**Exercise aim**
Your copy of the data should match it exactly, except that the pictures are gone.

**Supplied data**
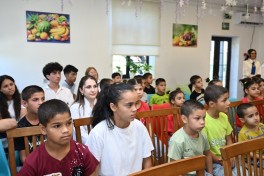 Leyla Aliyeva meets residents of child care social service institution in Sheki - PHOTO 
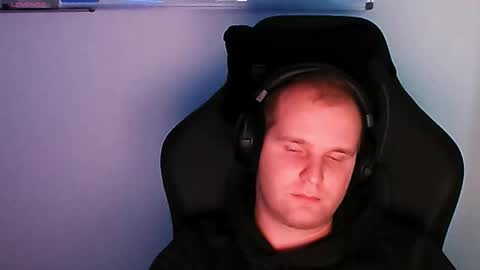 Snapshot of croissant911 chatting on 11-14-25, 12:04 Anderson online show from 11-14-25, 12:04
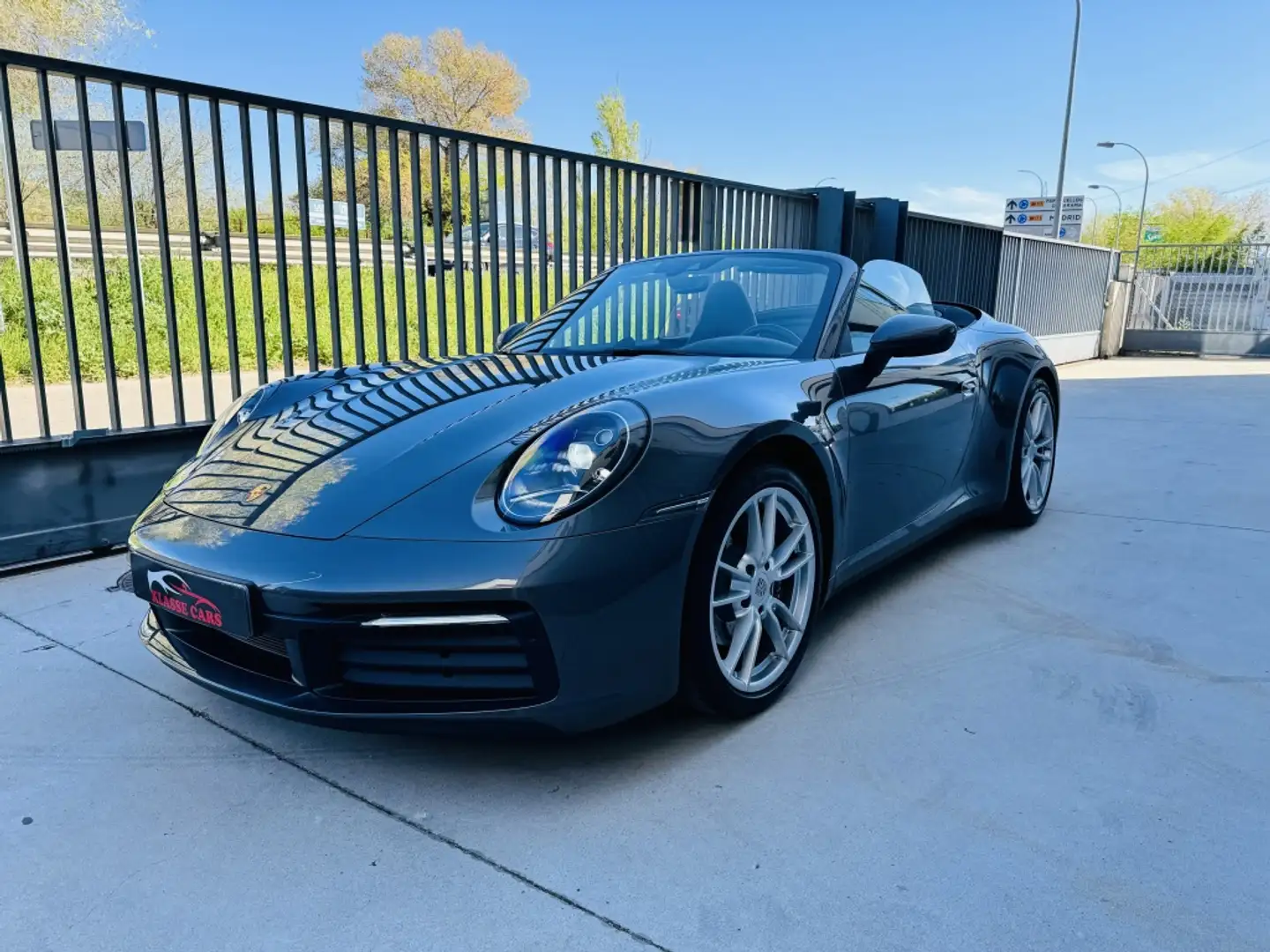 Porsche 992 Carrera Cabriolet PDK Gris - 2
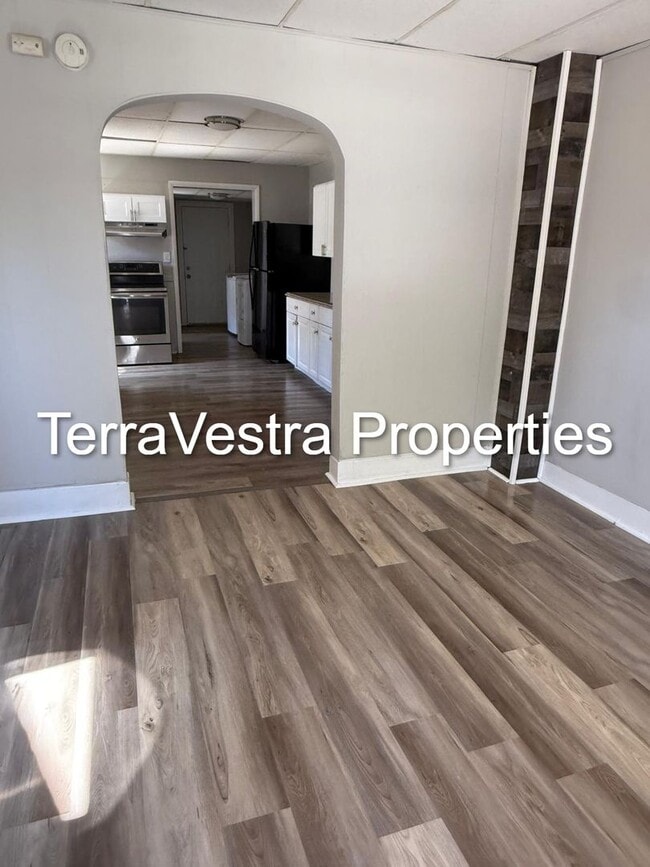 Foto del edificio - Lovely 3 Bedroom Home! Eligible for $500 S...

**Exercise response**
 Leyla Aliyeva meets residents of child care social service institution in Sheki - PHOTO 
 Snapshot of croissant911 chatting on 11-14-25, 12:04 Anderson online show from 11-14-25, 12:04
 Porsche 992 Carrera Cabriolet PDK Gris - 2
 Foto del edificio - Lovely 3 Bedroom Home! Eligible for $500 S...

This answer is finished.